Campbell County residents are frequently delinquent, said County Treasurer Shirley Study.

“It happens a lot,” she said.

In mid-July there were more than 1,000 delinquent payments in the county, Study said. That number dropped to 495 this month, she said.

Property tax notices are issued to Campbell County residents once a year. Residents have the option of splitting the fee into two payments per year: the first by Nov. 10 and the second by May 10 of the following year. If residents fail to make the November deadline but pay in full by Dec. 31, they are charged no interest.

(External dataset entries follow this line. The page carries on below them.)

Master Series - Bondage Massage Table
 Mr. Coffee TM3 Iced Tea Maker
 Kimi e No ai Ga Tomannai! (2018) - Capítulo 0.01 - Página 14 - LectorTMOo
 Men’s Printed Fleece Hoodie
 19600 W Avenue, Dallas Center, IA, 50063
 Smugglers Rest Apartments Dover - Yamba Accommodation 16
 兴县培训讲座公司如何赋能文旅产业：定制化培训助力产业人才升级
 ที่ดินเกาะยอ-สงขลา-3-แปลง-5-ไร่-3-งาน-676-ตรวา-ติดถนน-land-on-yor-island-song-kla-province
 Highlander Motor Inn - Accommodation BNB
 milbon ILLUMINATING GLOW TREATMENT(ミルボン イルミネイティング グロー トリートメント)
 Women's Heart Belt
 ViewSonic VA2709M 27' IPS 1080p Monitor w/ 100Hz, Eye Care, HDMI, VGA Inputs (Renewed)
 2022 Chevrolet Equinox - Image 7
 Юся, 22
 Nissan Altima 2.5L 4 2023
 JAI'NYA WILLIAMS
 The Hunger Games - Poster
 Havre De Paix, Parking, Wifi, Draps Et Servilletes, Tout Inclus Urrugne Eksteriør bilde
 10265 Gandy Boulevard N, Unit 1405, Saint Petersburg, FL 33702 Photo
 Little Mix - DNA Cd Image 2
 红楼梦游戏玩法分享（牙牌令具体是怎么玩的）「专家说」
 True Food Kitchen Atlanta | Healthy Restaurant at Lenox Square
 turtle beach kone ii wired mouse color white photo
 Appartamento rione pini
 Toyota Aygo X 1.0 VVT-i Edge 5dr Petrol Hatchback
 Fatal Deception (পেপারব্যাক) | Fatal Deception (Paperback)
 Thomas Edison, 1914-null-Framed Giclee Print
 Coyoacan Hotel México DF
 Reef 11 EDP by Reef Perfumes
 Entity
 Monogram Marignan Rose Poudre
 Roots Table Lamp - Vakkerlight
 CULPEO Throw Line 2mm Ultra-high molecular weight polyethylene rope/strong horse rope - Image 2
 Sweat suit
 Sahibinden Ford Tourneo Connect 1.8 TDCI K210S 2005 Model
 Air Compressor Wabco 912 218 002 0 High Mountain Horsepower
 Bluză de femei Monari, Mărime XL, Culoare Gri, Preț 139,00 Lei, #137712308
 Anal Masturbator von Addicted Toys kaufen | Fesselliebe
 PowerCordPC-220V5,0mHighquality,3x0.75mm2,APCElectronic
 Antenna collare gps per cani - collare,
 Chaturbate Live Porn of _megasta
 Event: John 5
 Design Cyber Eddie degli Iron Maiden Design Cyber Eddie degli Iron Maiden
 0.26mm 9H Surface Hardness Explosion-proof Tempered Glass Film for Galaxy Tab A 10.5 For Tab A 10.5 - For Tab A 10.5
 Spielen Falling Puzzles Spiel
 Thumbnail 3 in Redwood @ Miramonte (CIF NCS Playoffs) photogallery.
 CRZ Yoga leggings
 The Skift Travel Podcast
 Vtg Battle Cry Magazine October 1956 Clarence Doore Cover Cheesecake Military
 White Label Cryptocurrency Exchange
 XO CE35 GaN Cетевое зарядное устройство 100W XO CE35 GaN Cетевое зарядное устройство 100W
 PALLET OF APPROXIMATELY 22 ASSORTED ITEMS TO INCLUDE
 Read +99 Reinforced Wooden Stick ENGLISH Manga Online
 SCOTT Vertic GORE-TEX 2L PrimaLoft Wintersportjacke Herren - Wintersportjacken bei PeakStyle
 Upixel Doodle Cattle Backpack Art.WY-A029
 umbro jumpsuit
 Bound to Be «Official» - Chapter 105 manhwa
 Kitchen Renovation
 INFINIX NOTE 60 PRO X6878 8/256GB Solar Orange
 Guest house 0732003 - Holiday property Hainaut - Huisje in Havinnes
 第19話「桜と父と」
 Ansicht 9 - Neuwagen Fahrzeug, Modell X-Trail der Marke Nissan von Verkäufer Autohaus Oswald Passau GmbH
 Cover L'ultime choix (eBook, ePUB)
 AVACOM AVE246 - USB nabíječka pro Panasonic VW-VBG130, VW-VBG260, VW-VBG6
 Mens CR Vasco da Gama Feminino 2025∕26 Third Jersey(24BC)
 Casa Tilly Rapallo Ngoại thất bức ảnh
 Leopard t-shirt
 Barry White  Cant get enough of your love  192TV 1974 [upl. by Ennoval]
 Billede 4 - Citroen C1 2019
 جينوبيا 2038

Enzi has paid more than $24,000 in property taxes to the county since 1983 — the first year electronic records are available on the assessor’s website.

Cheney was more than two months late on paying the property taxes on her home in Teton County for the first half of 2012. The Associated Press reported that Cheney was late because she thought the seller was obligated to pay the taxes, but the money was deducted in the sale of the house when the deal closed on May 23, 2012.

Cheney told the AP the paperwork was mailed to her home in McLean, Va., and that’s why she wasn’t aware of the late payment sooner.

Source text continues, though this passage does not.